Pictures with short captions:
════════

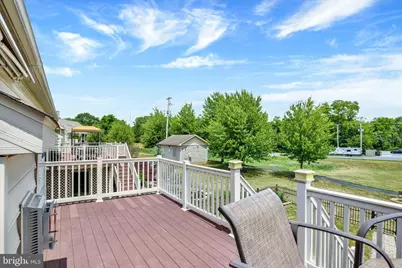215 Brookridge Court, Harrisburg, PA 17112 - Photo 5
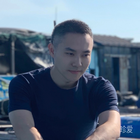 謝謝你出現(xiàn)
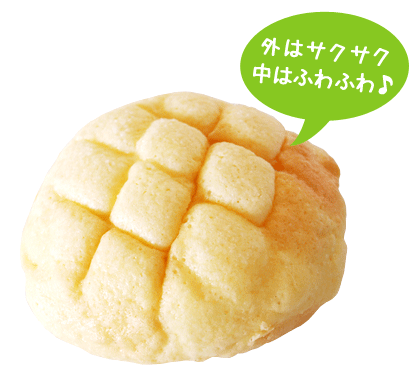 O̓TNTN͂ӂӂ탁p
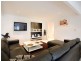 124 Savoy Drive, Broadbeach Waters QLD 4218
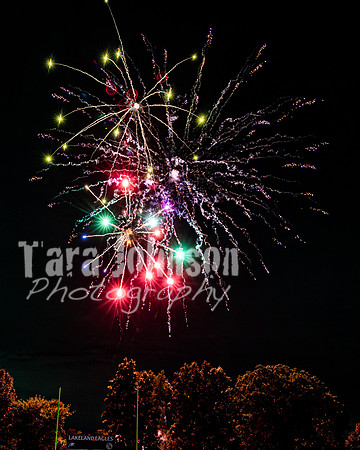 2026 HV Community Fireworks - TJP (10 of 114)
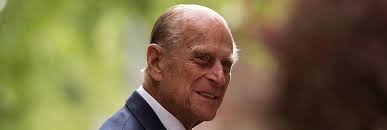 Last week, prince philip, the duke of edinburgh and husband to queen elizabeth ii, died at 99 american evaluations of the late prince rose after his death, but it is the queen who remains the. American Favorability Of Prince Philip Rose 10 Points After His Death Yougov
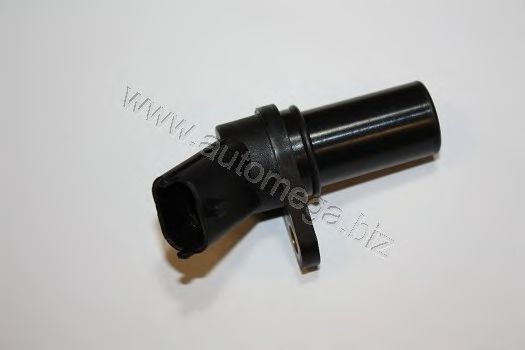 Датчик импульсов AUTOMEGA 3062380109 AutoMega Premium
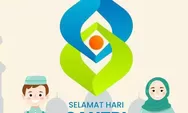 Hari Santri Nasional diperingati pada tanggal 22 Oktober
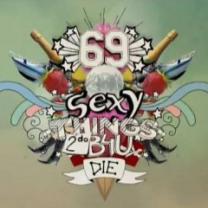 Sixty_nine_sexy_things_two_do_before_you_die_241x208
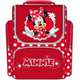 Рюкзак ортопед. средний Disney "Минни" Classic, 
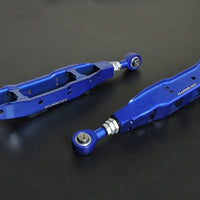 REAR LOWER CONTROL ARM SUBARU, TOYOTA, 86, BRZ, FR-S, IMPREZA, LEGACY, LEVORG, OUTBACK, XV, BR 09-14, BS 14-, 1S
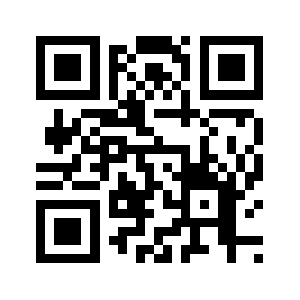 Kjkindler.com QR code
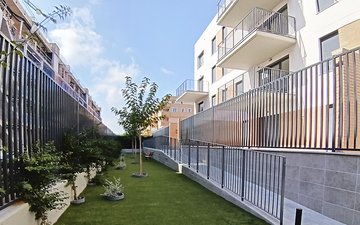 Property slide 24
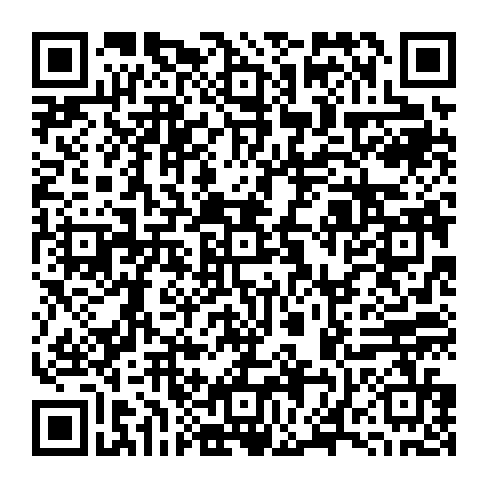 78613594470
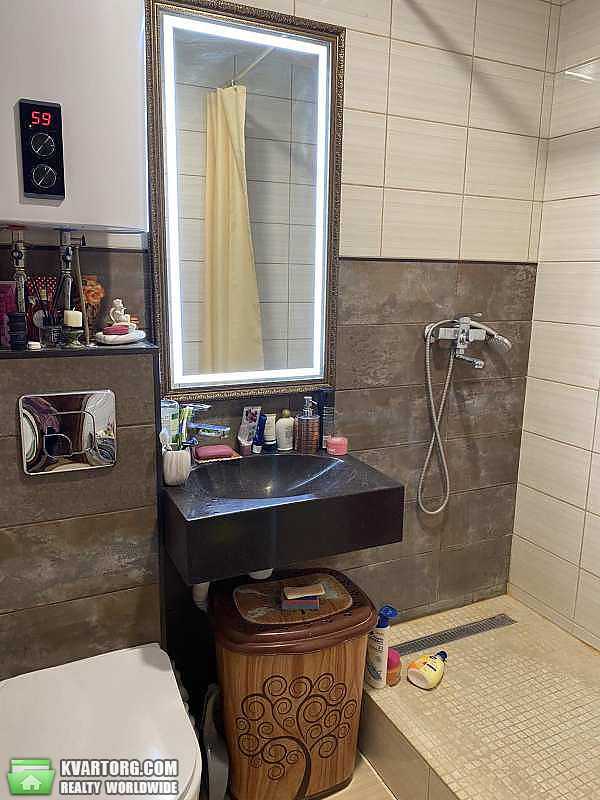 Sell 3-room apartment. Харьков, Барабашова — photo 2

════════

◆ **The task**:
Give an exact copy of the line containing "謝謝你出現(xiàn)" and every line after it through the end of the entries. Pictures are to be dropped.

◆ **Solved problem**:
 謝謝你出現(xiàn)
 O̓TNTN͂ӂӂ탁p
 124 Savoy Drive, Broadbeach Waters QLD 4218
 2026 HV Community Fireworks - TJP (10 of 114)
 Last week, prince philip, the duke of edinburgh and husband to queen elizabeth ii, died at 99 american evaluations of the late prince rose after his death, but it is the queen who remains the. American Favorability Of Prince Philip Rose 10 Points After His Death Yougov
 Датчик импульсов AUTOMEGA 3062380109 AutoMega Premium
 Hari Santri Nasional diperingati pada tanggal 22 Oktober
 Sixty_nine_sexy_things_two_do_before_you_die_241x208
 Рюкзак ортопед. средний Disney "Минни" Classic, 
 REAR LOWER CONTROL ARM SUBARU, TOYOTA, 86, BRZ, FR-S, IMPREZA, LEGACY, LEVORG, OUTBACK, XV, BR 09-14, BS 14-, 1S
 Kjkindler.com QR code
 Property slide 24
 78613594470
 Sell 3-room apartment. Харьков, Барабашова — photo 2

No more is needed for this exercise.